Avant le contrat, Irina visait à augmenter ses revenus tout en conciliant vie professionnelle et vie familiale. À ce jour, elle parvient à réaliser des bénéfices tout en consacrant le temps nécessaire à ses enfants.

« Mes revenus augmentent chaque mois. Comparé à mai, je gagne désormais cinq fois plus. Je peux payer moi-même les activités et loisirs de mes enfants. Je m’organise librement, ce qui est un grand avantage. Pendant que mes enfants sont à la crèche, je peux effectuer des prestations. Si j’étais salariée, ce serait problématique. Avec la reprise des écoles et activités, je ressens encore plus cette flexibilité. J’ai atteint mon objectif : je gère mon temps de travail, j’ai des revenus et je reste disponible pour ma famille. Mon entourage me soutient dans toutes mes initiatives », déclare-t-elle.

Irina satisfait de son nouveau parcours professionnel

Irina continue à parfaire ses compétences et est reconnaissante envers le contrat social qui lui a permis de réaliser sa passion.

« Une fois le contrat social finalisé, je prévois de continuer à développer mon activité.
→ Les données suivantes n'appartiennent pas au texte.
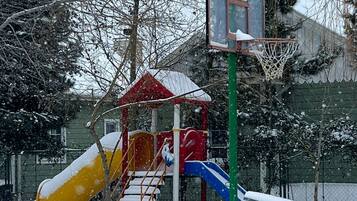 A playground with a slide and a climbing structure in a snowy setting.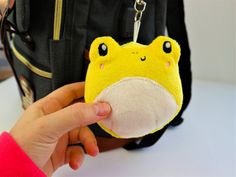 a hand holding a small yellow animal keychain in front of a black backpack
J’ai mis du temps à me décider à me lancer, ayant toujours travaillé en tant que salariée bénéficiant de congés et de protections. Trouver 350 000 roubles pour lancer une entreprise, c’est un défi. Beaucoup, y compris moi, hésitent à s’engager dans l’entrepreneuriat, ayant peur de l’échec et du besoin d’un capital important. Toutefois, le contrat social facilite grandement cette démarche, car l’État fournit un soutien financier. Je suis ravie d’avoir eu cette opportunité », conclut Irina.

Bon à Savoir

  • Le contrat social vise à soutenir des familles à faibles revenus.
  • Il offre plusieurs options pour améliorer sa situation, dont l’entrepreneuriat.
  • Les démarches peuvent être effectuées à distance, rendant le processus accessible.
  • Une formation peut être financée pour garantir la qualité des services offerts.
  • La gestion des dépenses et des revenus doit être rigoureuse pour respecter les exigences du contrat.

Réfléchir à l’impact d’initiatives telles que le contrat social soulève des questions importantes sur l’autonomie financière et les contraintes de la maternité. L’entrepreneuriat, tout en offrant des opportunités, exige également courage et préparation. C’est un équilibre délicat entre être praticien et parent, et cette réalité est celle de nombreux individus cherchant à concilier leurs responsabilités familiales et leurs aspirations professionnelles.